The GameCube era of Zelda refined the core mechanics introduced in the 64 era, ensuring that the game not only looks beautiful but plays equally as well. Combat is expanded upon, from some smaller, charming touches, like stealing items from enemies with the Grappling Hook, to some truly exciting additions, like the ability to disarm certain adversaries and wield their own, over-sized weapons against their owners. Perhaps most central to the updated combat is the Parry Attack, an evasive counterstrike induced by the player reacting to a prompt on screen. The narrative is also a central focus of The Wind Waker. Immediately more relatable, The Wind Waker begins not as a lofty quest to save the kingdom, though it does eventually head in that direction, but instead a tale about family and an older brother trying to protect his sister.
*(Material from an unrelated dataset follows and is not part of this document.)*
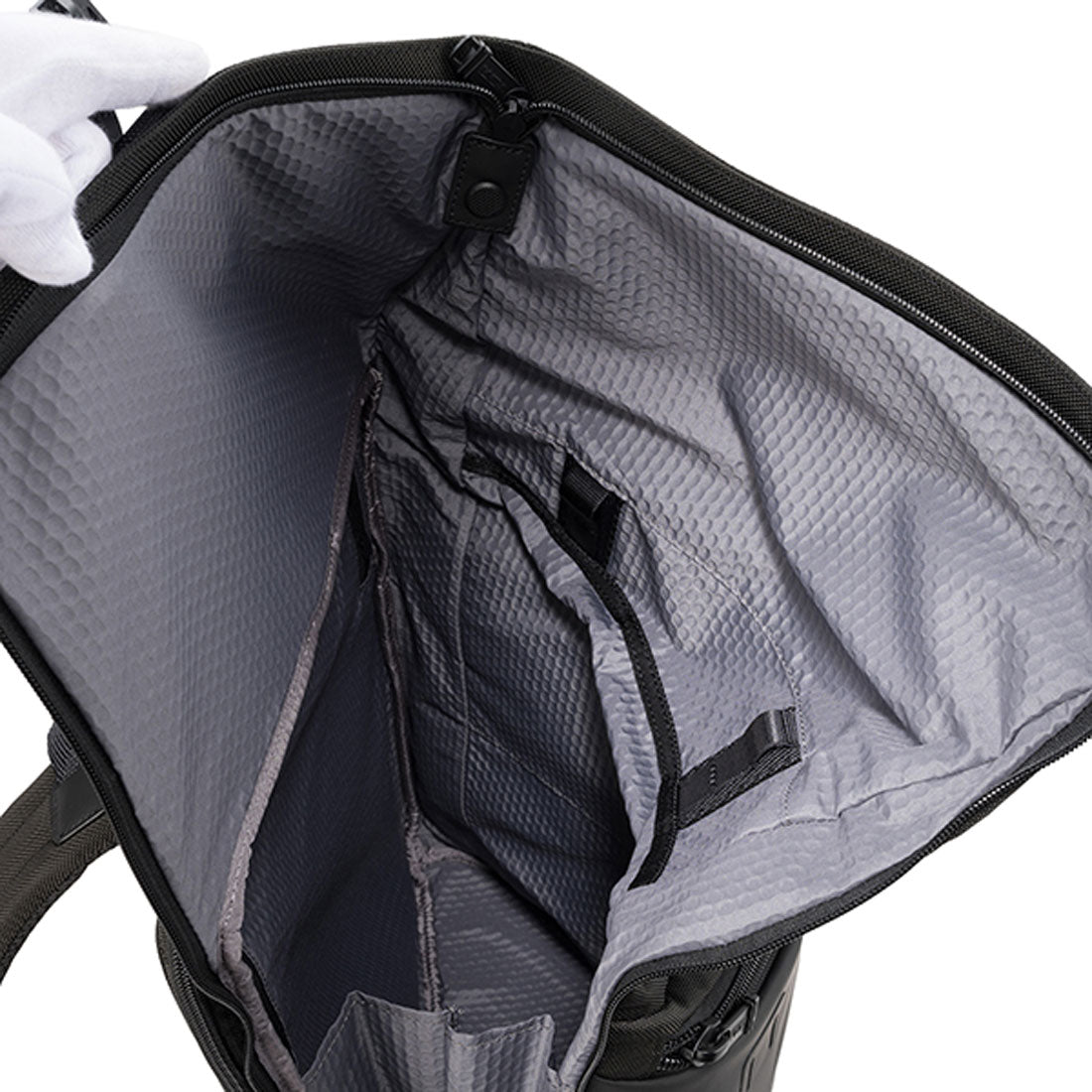 TUMI Backpack Alpha Bravo Logistic Backpack 232759D/142481 1041 BLACK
The highly expressive toon characters and one of the most sensational video game soundtracks ever add another layer of emotional resonance far beyond what any Zelda title had attempted prior. The sense of adventure is spurred on by the act of sailing the sea and uncovering new islands, exciting new locales, and formidable, frequently charming foes. Engaging puzzles, adventures on the high seas, and charm in every inch make The Wind Waker an unforgettable voyage and a contender for the throne of best Legend of Zelda entry.
And Everything Else
Those are just three counters to the notion that Breath of the Wild is the best game Nintendo has ever made. Remarkably, it could just be the best game Nintendo could have possibly conceived in 2017, but in 1991, 1998, and 2002 Nintendo revolutionized the entire industry with the latest and greatest Legend of Zelda entry. And that’s just The Legend of Zelda. Nintendo is also responsible for a multitude of other masterpieces, from Super Metroid to Metroid Prime, from Super Mario Bros. to Super Mario Galaxy, or Super Mario Bros. 3 to Super Mario 3D World. Nintendo’s history is literally littered with games that could easily claim the classification, “Best Game of All Time. Period. Forever. No Take Backsies.” In reality, it’s impossible to say what the best game of all time is, partially because that’s an opinion and therefore not provable, but more so because of how many masterclass titles Nintendo has produced over the years. It’s early, but I won’t shy away from the statement that The Legend of Zelda: Breath of the Wild is not only the best Nintendo game of the year but the best game of 2017 period. But let’s not forget the games that brought us to this point as we look forward to a bright future of video games. After all, if Breath of the Wild is truly the start of the next chapter for the franchise, the Legend of Zelda or Ocarina of Time of our day, that means what comes next (albeit, maybe after a weird, overzealous, Zelda II, self-discovery stage) could be utterly magnificent.